Windmills of a wind farm about 35 km north of Juist, seen from Juist. (© Chris Dziat. The picture is a screenshot from a video. Reproduction of the pictures with kind permission.)

With the naked eye, the wind turbines were hardly visible (Wide angle image, medium focal length); they were “zoomed in”. Assuming straight light rays and a straight background, this image would not be possible. But you can clearly see the mirages downwards, so the light rays that produce this mirror image are curved.

The picture was taken on March 18, 2018; the air layer directly above the water surface must have been slightly warmer than the layers above, so that the rays bend upwards. The adjacent sketch shows this schematically (and exaggeratedly). At the bottom the air is warmer, the refractive index smaller and therefore the wavelength longer than at the top.

The jagged wavy borderline between sky and water is not the horizon, but the lower edge of the mirror image. The horizon is at the height where the rotor blades and their mirror image seem to touch in the rounded bend.

A slight curvature of the light rays in the atmosphere is always present, since the density of the air and thus its refractive index depends on the altitude and the temperature. This is particularly noticeable in the case of almost horizontal lines of view. Since the density of the air generally decreases with increasing height, the rays are usually curved very weakly downwards. As a result, range of vision is larger than it would be without refraction, and this can be taken into account by using an apparent curvature slightly smaller than the curvature of the Earth's surface (larger apparent Earth radius) in the calculations. (According to Wikipedia the mean observed apparent earth radius is Rapparent ≈ 7680 km.) This will be explained in more detail below.

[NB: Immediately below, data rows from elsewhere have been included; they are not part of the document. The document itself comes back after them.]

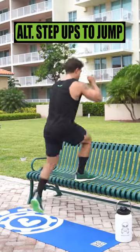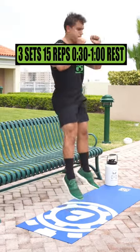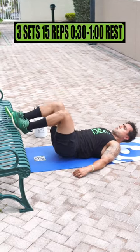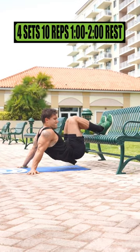Do alternating step-ups to jump for 4 sets of 10 reps, resting 1-2 minutes. Do explosive bench cap jumps for 3 sets of 15 reps, resting 30 seconds to 1 minute. Do feet elevated hip thrust for 3 sets of 15 reps, resting 30 seconds to 1 minute. Do feet elevated leg curl for 4 sets of 10 reps, resting 1-2 minutes.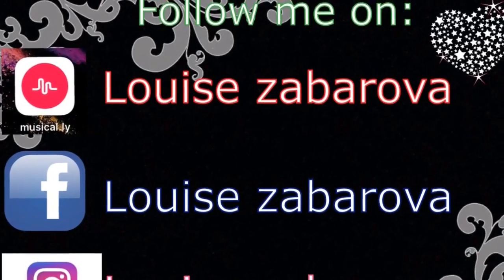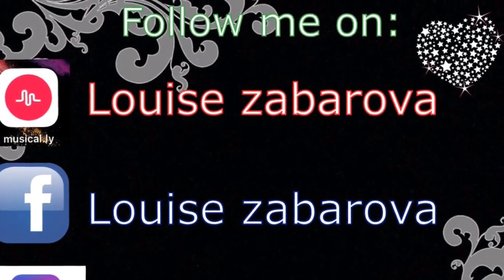That was my new video — don't forget to like, comment, and subscribe, and I'll see you in the next video. Please comment down below some other video ideas you want me to do, because I don't have any more ideas. I'll see you in the next video, bye! Also don't forget to follow me on all my social medias.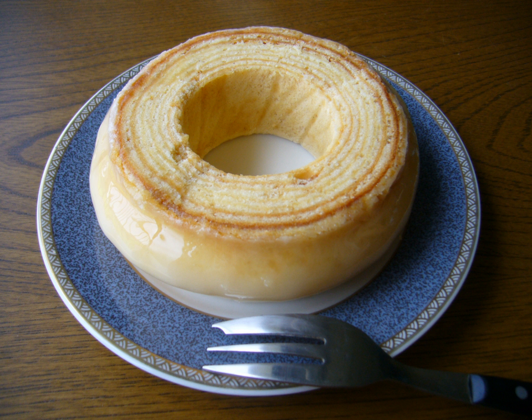Baumkuchen is a German variety of spit cake. It is a traditional pastry of many European countries throughout, and also a popular snack and dessert in Japan. The characteristic rings, which resemble tree rings when sliced, give the cake its German name, Baumkuchen, which literally translates to 'tree cake'.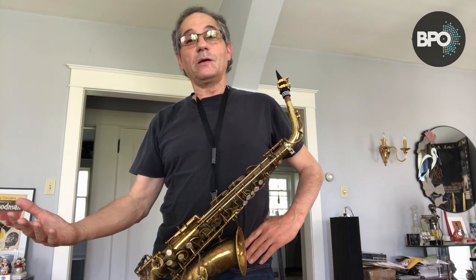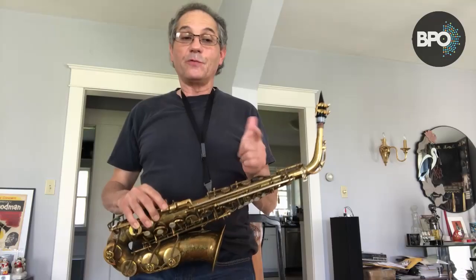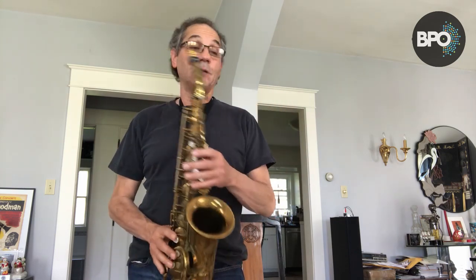To be a good saxophone player, it was advantageous to play the clarinet first. So I started on clarinet and then added the saxophone. If you want to play in your school jazz ensemble, this is a great instrument to choose.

However, the temperature distribution plays an important role. If the temperature increases upward, the visibility can be increased strongly if the light-rays follow the earth-curvature, and there can occur even mirages upward (Fata Morgana).

Wind turbines about 40 to 60 km north-west of Juist, shortly after sunset taken from Juist at a height of about 20 metres. (Screenshot from a video by Chris Dziat.)

According to a map of the offshore wind turbines in the German Bight, these wind turbines should belong to the wind farm Borkum-Riffgrund II.

The picture was taken at the end of June, when the weather was very warm. The water was colder than the air, so that the lower air layers were probably cooler than the slightly higher ones (inversion) and the normal trend in temperature was only reached at higher altitudes.

### Terrestrial refraction

How much do light rays bend in the atmosphere? I do not want to present a complicated calculation here and therefore limit myself to almost horizontal beams. This condition is always fulfilled when looking at very distant terrestrial objects. As indicated in the small image above, the beam direction is always perpendicular to the wave crests.

To be concrete, we choose the zero point z = 0 of our coordinate system at eye level on the beach; the air pressure at this altitude would be 1013.25 hPa (hectopascal), which is 760 Torr (mm mercury column), and we assume 15°C as the temperature. The refractive index of the air at our zero point is n0, one meter higher is n1.

The wavelength of light in a medium is given by the wavelength in a vacuum, divided by the refractive index, i.e.

λ = λvac/n.(1)
Now let a light wave run in x direction, i.e. from left to right. If the wave has advanced one meter at z = 0, it has travelled the distance n0/n1 m at z = 1 m, the wave crest has tilted a bit and the light beam has curved a bit. If the lines representing the wave crests are extended far beyond the beam width, they intersect at the center of curvature of the beam. The z coordinate of the center of curvature is the radius of curvature R. In the adjacent sketch it was assumed that the density of the air increases upwards (as with mirages over hot asphalt). There are two similar triangles – the large one and the small blue one – and from them one can read that
R : 1 = 1 : (1 − n0/n1),       thus      R = 1/(1 − n0/n1)(2)

(Unit of length is the meter, that is not explicit in the equations) For a downward curvature you get a negative radius of curvature.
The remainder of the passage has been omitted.